## Exercise input
•••
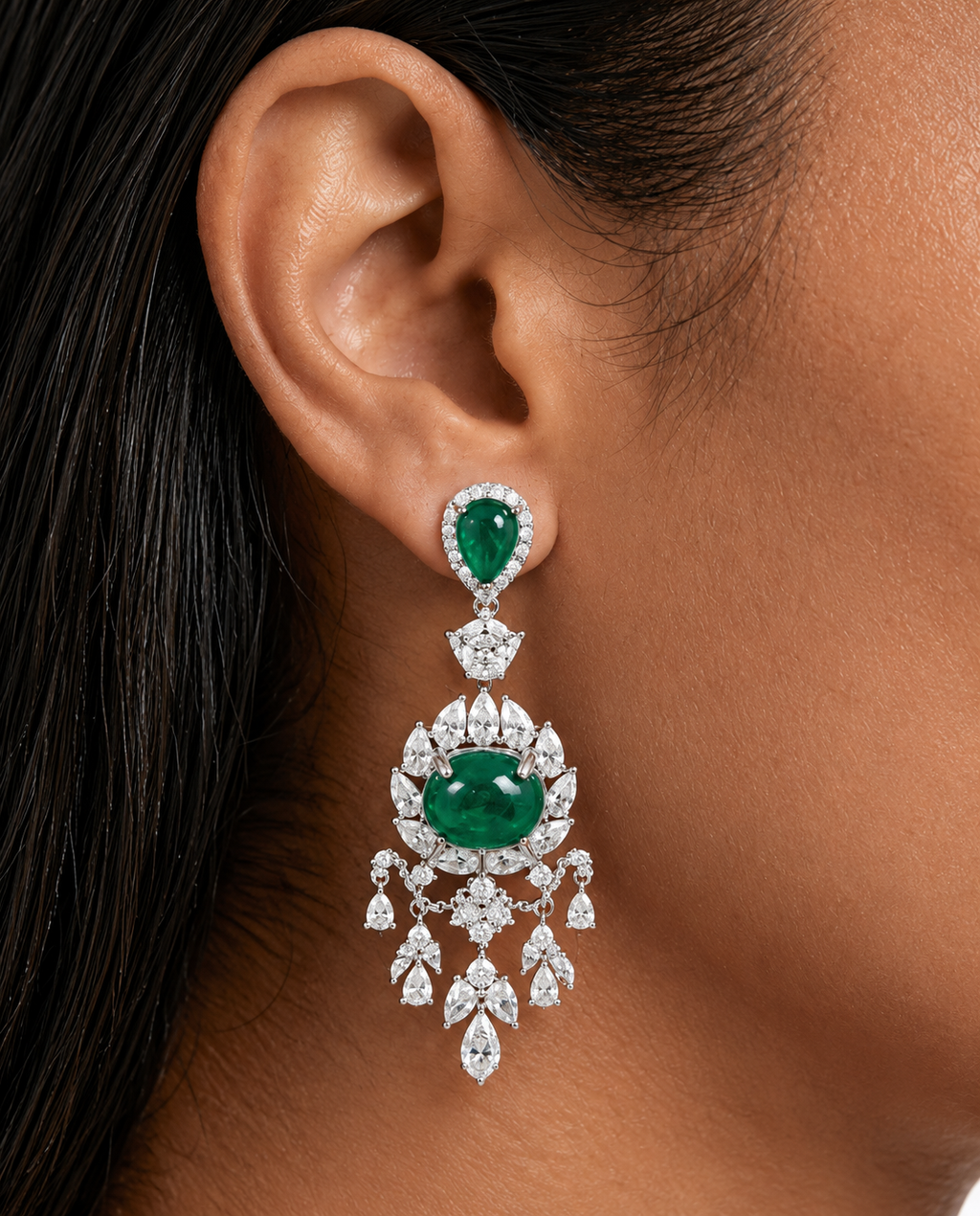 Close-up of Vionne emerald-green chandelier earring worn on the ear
•••
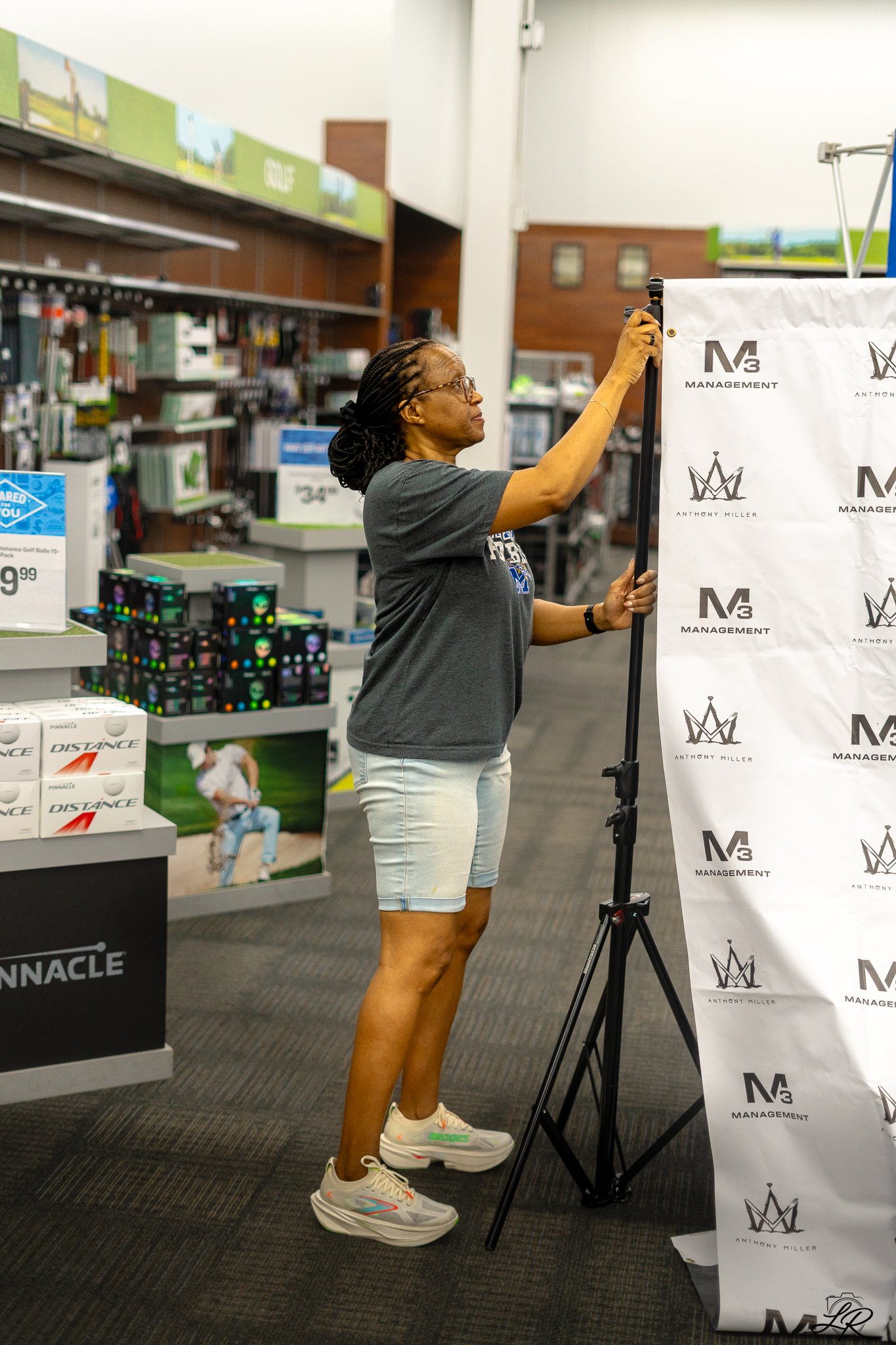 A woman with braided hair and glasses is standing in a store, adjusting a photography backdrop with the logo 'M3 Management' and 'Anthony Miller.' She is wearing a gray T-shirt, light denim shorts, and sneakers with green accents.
•••
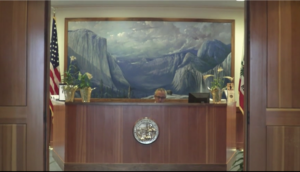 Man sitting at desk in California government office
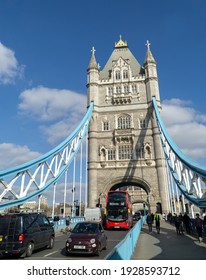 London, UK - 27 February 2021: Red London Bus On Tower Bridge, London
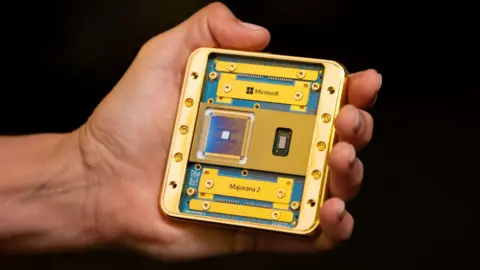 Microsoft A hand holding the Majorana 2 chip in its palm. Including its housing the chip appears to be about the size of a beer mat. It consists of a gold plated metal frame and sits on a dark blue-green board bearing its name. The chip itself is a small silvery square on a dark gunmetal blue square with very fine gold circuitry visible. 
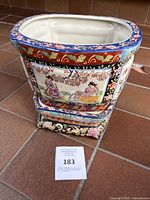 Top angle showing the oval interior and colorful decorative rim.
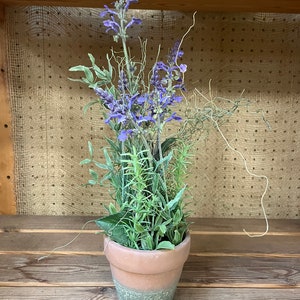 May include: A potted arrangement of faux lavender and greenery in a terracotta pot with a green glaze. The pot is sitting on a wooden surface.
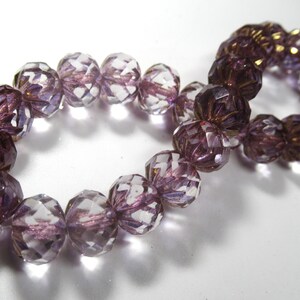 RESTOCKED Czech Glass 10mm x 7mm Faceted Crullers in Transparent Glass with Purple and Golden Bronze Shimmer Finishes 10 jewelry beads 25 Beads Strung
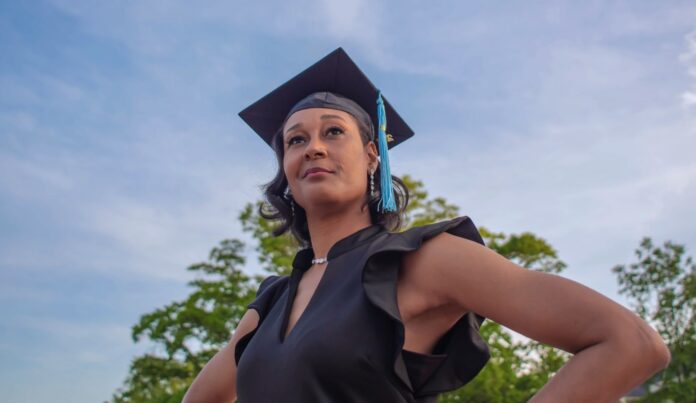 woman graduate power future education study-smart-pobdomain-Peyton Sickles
•••
## Brief
Precisely those lines above that run from the line with "Man sitting at" up to and including the line with "RESTOCKED Czech Glass" are to be set down, with the pictures omitted.

## Result for this task
 Man sitting at desk in California government office
 London, UK - 27 February 2021: Red London Bus On Tower Bridge, London
 Microsoft A hand holding the Majorana 2 chip in its palm. Including its housing the chip appears to be about the size of a beer mat. It consists of a gold plated metal frame and sits on a dark blue-green board bearing its name. The chip itself is a small silvery square on a dark gunmetal blue square with very fine gold circuitry visible. 
 Top angle showing the oval interior and colorful decorative rim.
 May include: A potted arrangement of faux lavender and greenery in a terracotta pot with a green glaze. The pot is sitting on a wooden surface.
 RESTOCKED Czech Glass 10mm x 7mm Faceted Crullers in Transparent Glass with Purple and Golden Bronze Shimmer Finishes 10 jewelry beads 25 Beads Strung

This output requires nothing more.